Google launched official MCP servers for BigQuery, Cloud SQL, Spanner, and other services in late 2025 (I covered the BigQuery MCP server setup separately). The @google-cloud/gcloud-mcp package wraps the gcloud CLI for structured interaction, which directly addresses the “agents can’t do interactive auth” problem.

The shift is architectural. Instead of an agent running gcloud commands in your shell (inheriting your global state, fighting with your other sessions), the agent talks to an MCP server that manages its own credentials. If you’re new to the protocol, my MCP fundamentals overview covers the basics. The agent never touches ~/.config/gcloud/ directly. Authentication moves from the terminal layer to a protocol layer.

For multi-project work, this is promising. Community implementations like LokiMCPUniverse/gcp-mcp-server already support explicit per-project configuration where each project gets its own credential file, and the agent specifies which project context to use per request.

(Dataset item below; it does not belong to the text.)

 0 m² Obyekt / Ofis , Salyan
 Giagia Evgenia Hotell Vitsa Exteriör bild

IDE-based agents are moving in this direction too. Cursor and Windsurf support project-level MCP configurations, so the MCP server restarts with the right credentials when you switch projects. The failure mode to watch for is context drift: your IDE open to Client A’s project while the background MCP process is still authenticated to Client B. Project-level mcp_config.json files prevent this.

My honest assessment: MCP is the right direction. Authentication managed at the protocol layer instead of the shell layer eliminates an entire category of problems. But the ecosystem is young. The servers are still maturing, documentation is thin, and for production consulting work I’m not ready to depend on them as the primary auth mechanism. Watch this space, but don’t rip out your direnv setup yet.

The layered approach

Today (30 minutes): Install direnv. Create a .envrc per client with the four variables (CLOUDSDK_CONFIG, CLOUDSDK_CORE_PROJECT, GOOGLE_CLOUD_PROJECT, GOOGLE_APPLICATION_CREDENTIALS). One service account per client project with minimum required roles.

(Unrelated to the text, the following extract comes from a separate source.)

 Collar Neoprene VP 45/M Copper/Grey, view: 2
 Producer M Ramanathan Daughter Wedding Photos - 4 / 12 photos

This month: Set up a Terraform module for standardized service account creation. Automate key rotation. Get the whole team on the same direnv pattern.

This quarter: Evaluate Google’s MCP servers for your agent workflows. If they’re stable enough, they’ll make the entire shell-level isolation problem irrelevant.

Google designed gcloud for single-project developers. Consulting agencies are the opposite of that. Every solution in this article is a workaround for a design choice Google made years ago. The good news is that CLOUDSDK_CONFIG exists and works. The better news is that MCP might eventually make the whole problem disappear. Until then, four environment variables and a .envrc file are the difference between a normal work day and spending half your morning debugging auth errors across three client projects.